____ Data excerpt
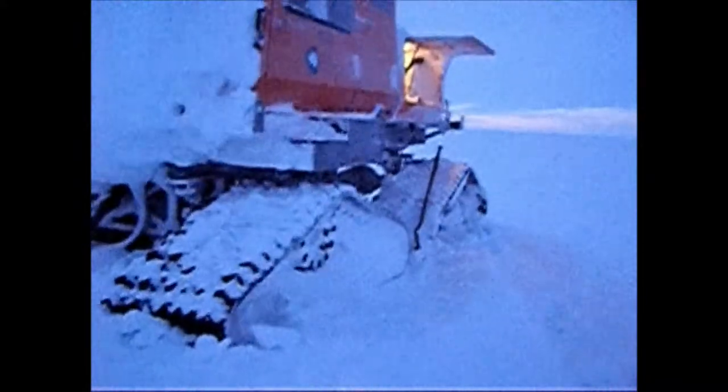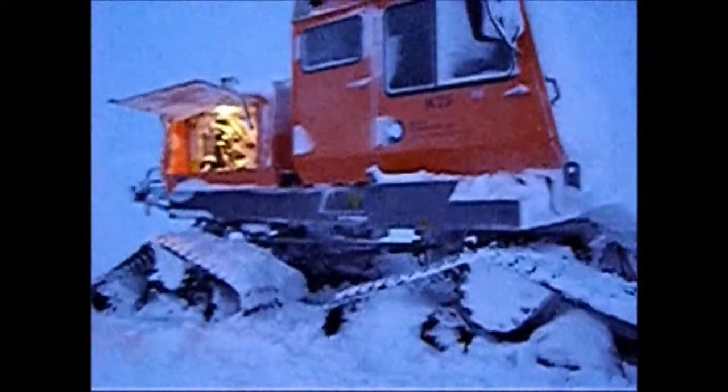That's the windscreen behind there. Bit of digging around the tracks there as well - still some to do. See, I've done that side.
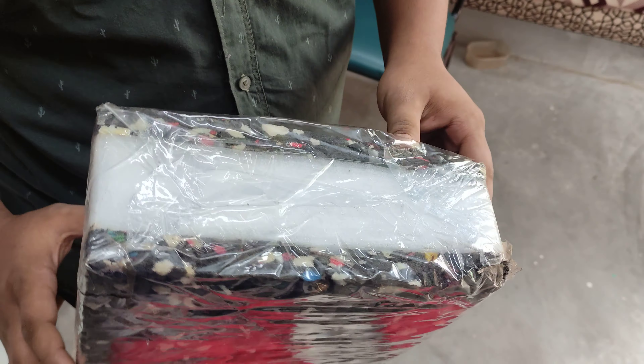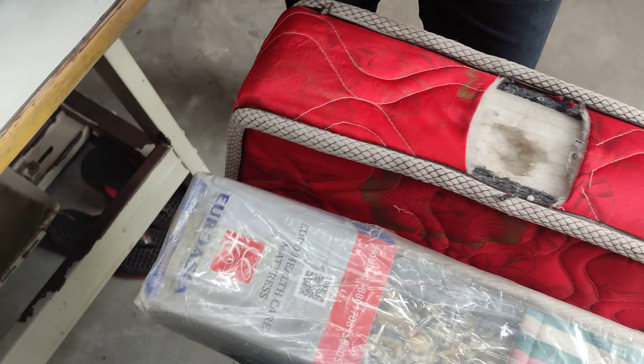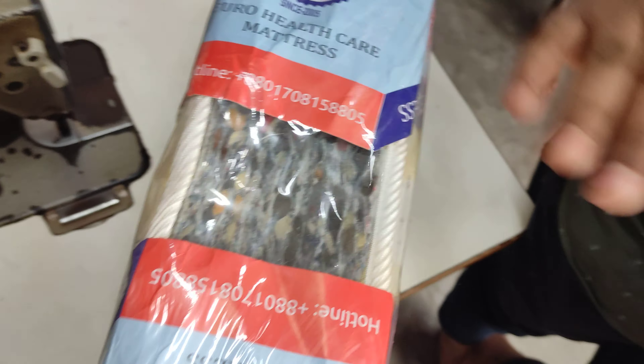It is soft. Normally it is hard to put it. That's good. That is soft.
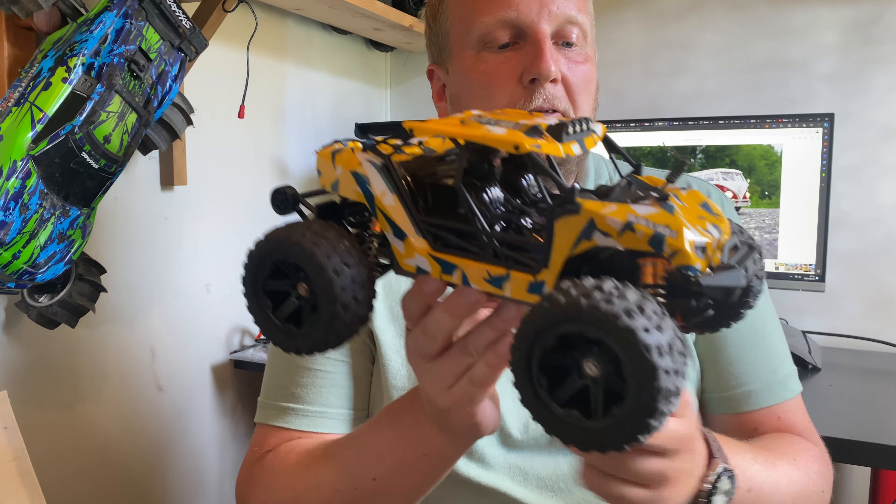Overall, a really nice little budget basher. I think I paid 50 bucks for it and it's definitely worth that. But it's not worth the $110 that it's listed for as of the recording of this video. You can get one of those MJX Hypergo brushless ones for that.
________
In the copy, no pictures are to appear; write out exactly the lines from the one containing "It is soft." through the end of the listing above and no further lines.

It is soft. Normally it is hard to put it. That's good. That is soft.
Overall, a really nice little budget basher. I think I paid 50 bucks for it and it's definitely worth that. But it's not worth the $110 that it's listed for as of the recording of this video. You can get one of those MJX Hypergo brushless ones for that.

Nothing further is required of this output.